Mais s’arrêter à la dimension strictement sportive de la chose serait sans doute bien naïf. Non, le mal est beaucoup plus profond; il charrie des passions sans doute inédites et dont le caractère clairement artificiel à la base tend de plus en plus à s’ancrer dans les coeurs et dans les moeurs. En contrepartie, l’hostilité manifeste et manifestée et son corollaire le plus évident qui sont les beuglantes anti-marocaines laisse à naître des sentiments similaires au Maroc; certes rien de cela ne donne lieu aux mêmes vociférations à la fois haineuses et décomplexées que l’on peut désormais retrouver dans de nombreuses chaumières d’Algérie, mais ce n’est nullement sans laisser de traces, et cela n’est certainement pas pour laisser sempiternellement indifférent.

Avouons-le: ils sont légion nos concitoyens qui regrettent avoir souhaité, au nom de la fraternité maroco-algérienne, le sacre des Fennecs à la CAN qu’avait organisée l’Égypte en 2019, et ils ne sont pas moindres ceux qui, s’ils avaient été vêtus des traditionnels “derraâ” et “melhfa” typiques de la Mauritanie, auraient pu être pris pour n’importe quels citoyen ou citoyenne mauritaniens, tellement leur joie fut claire au coup de sifflet final de l’arbitre somalien Omar Abdulkadir Artan qui actait, le 23 janvier 2024, la victoire (1-0) des Mourabitounes face à leurs adversaires du jour algériens (éliminés, du même coup, du premier tour de la compétition).

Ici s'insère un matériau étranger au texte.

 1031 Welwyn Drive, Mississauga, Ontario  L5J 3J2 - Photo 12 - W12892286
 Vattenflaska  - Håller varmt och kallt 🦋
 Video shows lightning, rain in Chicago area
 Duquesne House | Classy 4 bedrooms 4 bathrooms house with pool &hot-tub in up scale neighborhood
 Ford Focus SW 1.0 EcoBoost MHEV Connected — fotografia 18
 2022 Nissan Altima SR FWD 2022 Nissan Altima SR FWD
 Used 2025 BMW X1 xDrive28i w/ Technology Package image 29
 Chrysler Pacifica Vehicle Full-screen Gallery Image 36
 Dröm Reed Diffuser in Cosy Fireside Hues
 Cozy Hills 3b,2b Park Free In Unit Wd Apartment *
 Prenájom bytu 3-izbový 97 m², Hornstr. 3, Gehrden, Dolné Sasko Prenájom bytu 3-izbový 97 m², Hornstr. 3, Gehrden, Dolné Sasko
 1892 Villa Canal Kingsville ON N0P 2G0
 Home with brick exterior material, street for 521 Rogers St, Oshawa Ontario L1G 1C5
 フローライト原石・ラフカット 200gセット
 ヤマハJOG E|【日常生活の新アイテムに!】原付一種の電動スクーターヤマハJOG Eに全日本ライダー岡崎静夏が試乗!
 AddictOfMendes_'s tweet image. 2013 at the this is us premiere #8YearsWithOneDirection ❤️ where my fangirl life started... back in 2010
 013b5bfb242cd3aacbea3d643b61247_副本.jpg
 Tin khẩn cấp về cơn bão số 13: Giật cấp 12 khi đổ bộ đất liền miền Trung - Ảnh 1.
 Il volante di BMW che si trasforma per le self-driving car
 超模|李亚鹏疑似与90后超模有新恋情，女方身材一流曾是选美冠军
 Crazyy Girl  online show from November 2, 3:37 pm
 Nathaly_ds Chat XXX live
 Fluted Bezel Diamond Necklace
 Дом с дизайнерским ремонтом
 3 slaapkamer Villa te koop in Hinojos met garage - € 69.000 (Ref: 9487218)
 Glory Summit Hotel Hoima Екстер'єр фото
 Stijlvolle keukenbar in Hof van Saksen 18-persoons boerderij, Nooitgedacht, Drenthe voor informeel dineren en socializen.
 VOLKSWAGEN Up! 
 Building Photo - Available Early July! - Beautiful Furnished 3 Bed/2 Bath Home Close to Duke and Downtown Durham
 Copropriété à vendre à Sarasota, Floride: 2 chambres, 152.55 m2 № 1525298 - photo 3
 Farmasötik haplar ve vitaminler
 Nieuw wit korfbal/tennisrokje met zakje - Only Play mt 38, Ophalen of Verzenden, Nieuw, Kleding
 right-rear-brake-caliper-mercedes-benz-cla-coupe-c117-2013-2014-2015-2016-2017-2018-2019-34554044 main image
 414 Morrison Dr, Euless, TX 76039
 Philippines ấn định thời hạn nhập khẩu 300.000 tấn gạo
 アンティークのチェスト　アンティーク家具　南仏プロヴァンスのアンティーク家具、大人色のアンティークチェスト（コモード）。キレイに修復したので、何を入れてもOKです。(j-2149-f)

C’est aussi que le régime algérien a politisé le football à outrance, le président Abdelmadjid Tebboune ayant par exemple fait le lien, suite à la qualification de l’Algérie en demi-finale de la Coupe arabe de 2021 au détriment du Maroc (battu aux penaltys) avec… la lutte de libération nationale de 1954-1962, comme si c’était la France coloniale elle-même qui venait d’être écartée.

Pour le Maroc-Afrique du Sud qui a vu les poulains de Walid Regragui être sortis, la machine de propagande algérienne a d’ailleurs voulu en faire le match des “normalisateurs”, en référence au fait que le Royaume a, depuis décembre 2020, repris ses relations avec Israël, contre celui d’une Pretoria prétendue championne de la cause palestinienne en raison du dossier qu’elle a porté à la discrétion de la Cour pénale internationale (CPI) quant au génocide menée depuis le 9 octobre 2023 à l’encontre du peuple palestinien dans la bande de Gaza, oubliant que les joueurs marocains ont été nombreux au cours des derniers mois à s’opposer à l’action israélienne et que l’arrière latéral Noussair Mazraoui avait même failli subir les représailles de son club allemand du Bayern de Munich pour ses positions pro-palestiniennes exprimées urbi et orbi sur les réseaux sociaux (lire n°1504, du 20 au 26 octobre 2023).

Unis notamment, comme le rappelait le roi Mohammed VI dans son discours du trône du 29 juillet 2019, par la religion et par la langue, les Marocains et les Algériens restent bien évidemment à bien des égards différents; la trame historique qui a constitué leurs pays n’est pas la même; mais en même temps, ils se ressemblent suffisamment assez pour vouloir réaliser quelque chose ensemble et mettre définitivement de côté les rancoeurs du passé et du présent. Passés par “les heures les plus sombres de notre histoire”, Français et Allemands n’ont-ils pourtant pas réussi par la suite à construire l’Europe? En l’état maghrébin, c’est, comme le regrettait notre dernière Une, davantage “un voeu pieux” et qui, pour pouvoir être exaucé, devra pouvoir outrepasser de nouveaux obstacles émotionnels vivaces. Au lieu d’union, mieux vaut peut-être parler d’illusion.